Defendant filed a "MOTION FOR NEW TRIAL AND MOTION FOR JUDGMENT NOTWITHSTANDING VERDICT" in which he complained, in addition to other complaints, that the judgment was not sustained by sufficient evidence, that the judgment was contrary to law, and that plaintiff did not have the legal standing under 46 O.S. 1961, § 15, to enable her to state a cause of action against defendant.

The trial court denied these motions.

Defendant presents two propositions of error to support his contention that the trial court erred in finding him liable for the statutory penalty.

Defendant contends that an actual controversy existed between the parties as to the amount due on the mortgage and plaintiff was not entitled to recover the statutory penalty.

Defendant cites in support of the above contention American National Bank v. Jorden, 123 Okl. 151, 254 P. 706 (and other cases), in which we held that a mortgagee refusing to release a mortgage of record because of belief in good faith that he has substantial grounds to contest the fact of payment is not subject to the statutory penalty for refusal to release a real estate mortgage; that the gist of the action to recover the penalty is the willful wrong of the mortgagee without justification in law in his refusal to release the mortgage.

As a part of this proposition, the defendant contends the evidence reflects that there was in fact a balance due to defendant on the note and mortgage.

*650 In view of our later treatment of defendant's second proposition of error, there is no need to rest our disposition of this appeal upon a determination of whether defendant believed in good faith that he had substantial grounds for contesting the fact of payment.

The defendant's contention that there was a balance due on the note cannot be sustained. The trial court found that the note had been paid in full. The evidence, supra, reasonably sustains this conclusion. Defendant did not produce any bookkeping records at the trial. The inconsistency in his declarations as to the balance due, when considered in the light of the discovered receipts issued by defendant negates any idea that defendant was owed any balance on the note.

In Wallace v. Smith, 205 Okl. 557, 240 P.2d 799, this court said that in an action, tried to the court upon waiver of a jury, a finding for plaintiff upon issues of fact is of the same effect as a verdict of properly instructed jury, and will not be disturbed on appeal, if there is any evidence reasonably tending to support the same.

Defendant's second proposition of error is that plaintiff as heir of the deceased mortgagor does not have standing under 46 O.S. 1961, § 15, to sue for the statutory penalty.

It is an obvious fact that plaintiff in her several capacities is not the mortgagor in the mortgage. Plaintiff Loretta Eileen Duncan in her individual and trustee capacity is the devisee of her father (C.E. White), the mortgagor.

We have held that 46 O.S. 1961, § 15, is a penal statute, and must be strictly construed, and that "strict construction" as applied to that statute, is that which refuses to extend the law by implications or equitable considerations, and confines its operations to cases clearly within the letter of the statute, as well as within its spirit or reason. Walker v. Dugger, Okl., 371 P.2d 910.
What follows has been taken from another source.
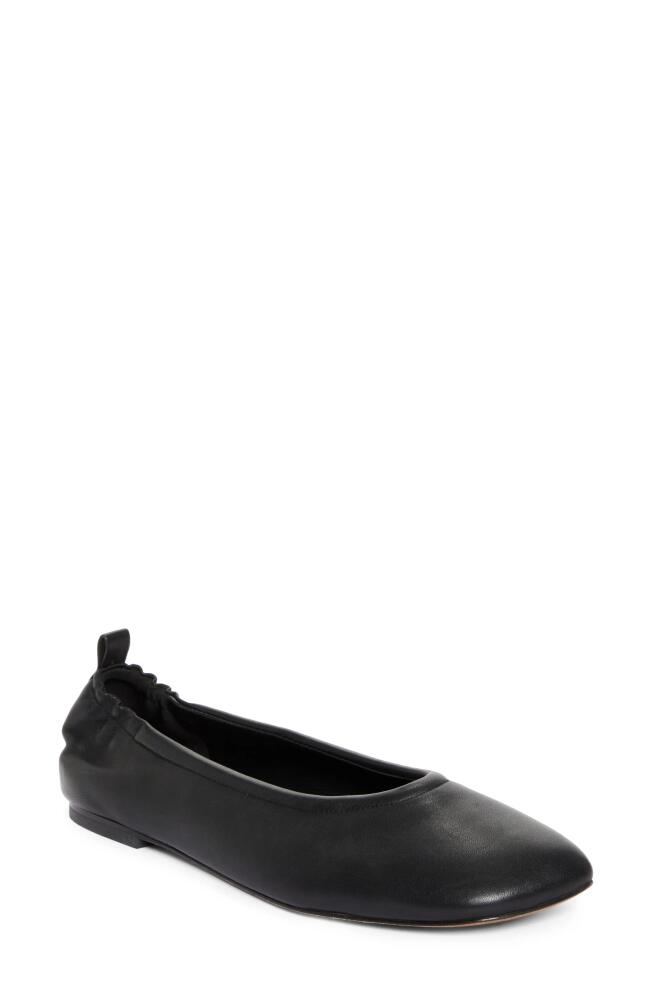 3.1 Phillip Lim Ballet Flat in Black Cover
The statute, § 15, supra, provides that the holder of a mortgage "shall forfeit and pay to the mortgagor one per centum of the principal debt per diem" (emphasis ours) for failure to release the mortgage.

In Hope v. United Savings & Loan Ass'n, 177 Okl. 389, 60 P.2d 737, the question presented was "whether or not the subsequent purchaser of mortgaged real estate may recover the forfeit provided by section 11266" O.S. 1931, now 46 O.S. 1961, § 15. We held that such person could not recover the penalty, saying that "it seems conclusive that statutes penal in their nature must be strictly construed and limited to operate only in favor of those included in the statutory description of designation." We said that there was no provision in the statute "that the rights conferred thereby shall extend to the assignee of the mortgagor, and we do not now feel justified in extending the statute by implication to include such persons." Therein we cited and relied upon the holding and similar interpretation of our statute in Capps v. U.S. Bonding & Mortgage Co., 274 F. 357 (8th Cir.1921).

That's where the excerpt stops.